Thursday 16 September 2010

Day 1 : enroute - Kirkwall : 10 miles sunny early, rain later

Well here I go, fully loaded and pictured in Chatham with background view over to Upnor Castle beyond the Chatham Maritime marina. (Thank you Alice for being late for school to take that one).  
I'm not sure what I'm daunted by more 
  • cycling 800 miles plus in autumn or 
  • writing some sort of interesting log on a blog on a regular basis.
The last 24 hours have certainly taught me that autumn in the NE of Scotland can be wet, chilly and very windy. Some hasty purchases of additional thermal gloves and a waterproof hat that has a cord under the chin will keep the rain off my glasses in a howling gale.
All went to plan with the plane, although I have learnt that you can't do enough to protect a bike from the savagery of airport conveyor systems. (The plastic cycle bag is back in the post for reuse next time!) By the time I'd landed at 18.55 and put the bike together again, the airport had closed and the place gone very dark and wintery - so I was very glad to get into the youth hostel even though there are no power sockets!
This is the first time I've used one of Kent's 'International' airports - London Manston.

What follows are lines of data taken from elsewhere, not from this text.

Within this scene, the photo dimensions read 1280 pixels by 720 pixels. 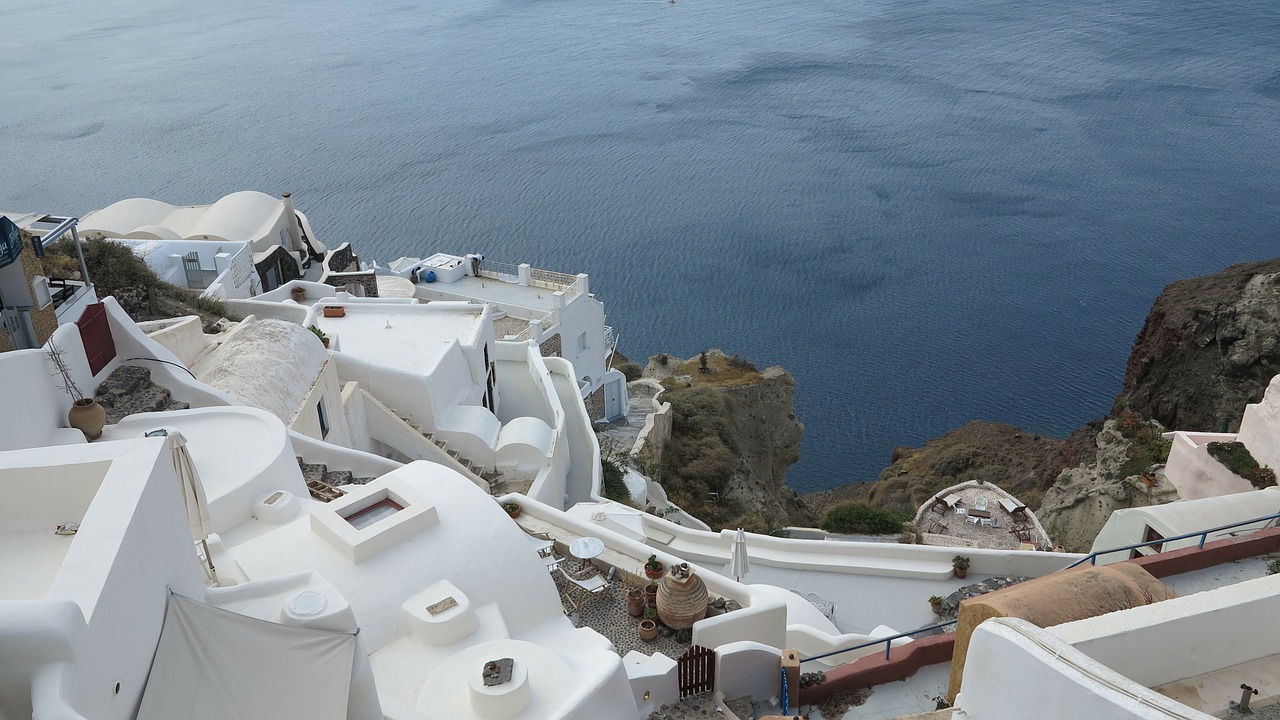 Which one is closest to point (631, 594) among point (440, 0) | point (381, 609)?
point (381, 609)

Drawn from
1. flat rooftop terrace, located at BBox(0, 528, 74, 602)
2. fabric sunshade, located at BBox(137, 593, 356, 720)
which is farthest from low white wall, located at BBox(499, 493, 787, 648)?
flat rooftop terrace, located at BBox(0, 528, 74, 602)

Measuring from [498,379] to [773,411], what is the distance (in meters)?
21.1

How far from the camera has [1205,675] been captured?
8.23 metres

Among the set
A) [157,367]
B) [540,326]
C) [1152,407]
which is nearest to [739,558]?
[157,367]

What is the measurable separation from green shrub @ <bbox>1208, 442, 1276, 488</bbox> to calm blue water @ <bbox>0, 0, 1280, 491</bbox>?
32.3 meters

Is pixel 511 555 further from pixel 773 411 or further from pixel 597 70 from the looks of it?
pixel 597 70

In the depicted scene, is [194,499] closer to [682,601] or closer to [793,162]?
[682,601]

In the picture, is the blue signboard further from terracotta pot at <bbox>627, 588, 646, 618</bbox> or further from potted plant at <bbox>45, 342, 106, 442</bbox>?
terracotta pot at <bbox>627, 588, 646, 618</bbox>

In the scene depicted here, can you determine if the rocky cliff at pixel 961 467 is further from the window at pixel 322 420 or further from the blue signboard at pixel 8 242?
the blue signboard at pixel 8 242

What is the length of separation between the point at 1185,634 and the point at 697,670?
6716mm

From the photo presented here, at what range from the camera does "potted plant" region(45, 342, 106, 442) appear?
15.0 meters

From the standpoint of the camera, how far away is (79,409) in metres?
15.0

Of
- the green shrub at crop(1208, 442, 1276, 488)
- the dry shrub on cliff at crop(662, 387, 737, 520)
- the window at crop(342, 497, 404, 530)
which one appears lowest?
the dry shrub on cliff at crop(662, 387, 737, 520)

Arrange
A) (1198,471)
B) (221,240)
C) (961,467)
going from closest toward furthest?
(1198,471) → (221,240) → (961,467) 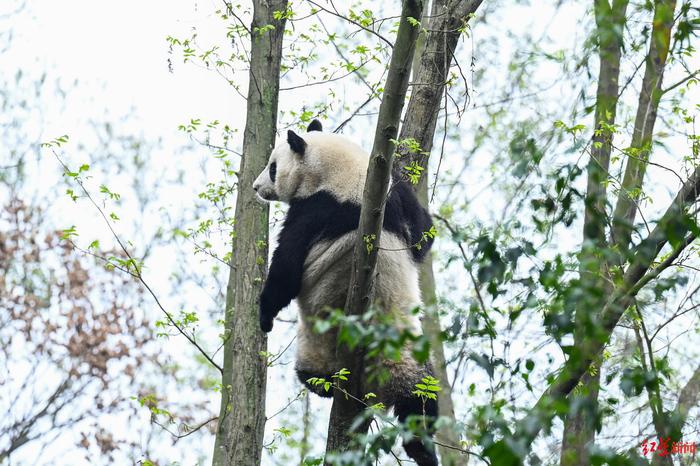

It's close by a RAF spitfire museum that looks like it will be worth visiting another day.
I also noted the Thanet Earth glass greenhouses built a few years ago as the plane took off. My recollection of the design of this facility was that it had incorporated low-carbon design features (maximised the reuse of heat and water etc). I now realise that another reason it may be sited in Thanet is that it is close to an air freight facility presumably to get the stretched seasonal fruit and veg to prime markets. 
No matter. I also noted that it may be in Kent as it is significantly warmer than either Edinburgh or Kirkwall on this random mid-September day.
Today I am exploring Orkney, home not only to wave and tidal flow experiments and installations but also some fantastic historical engineering such as the fine Norman cathedral of St Magnus in Kirkwall. I noted that the later was probably used some of the same stone masons who had built Durham Cathedral a few years before.

1 comment:

  1. Hopefully the temperature will rise - or at least not get lower! - as you move southwards.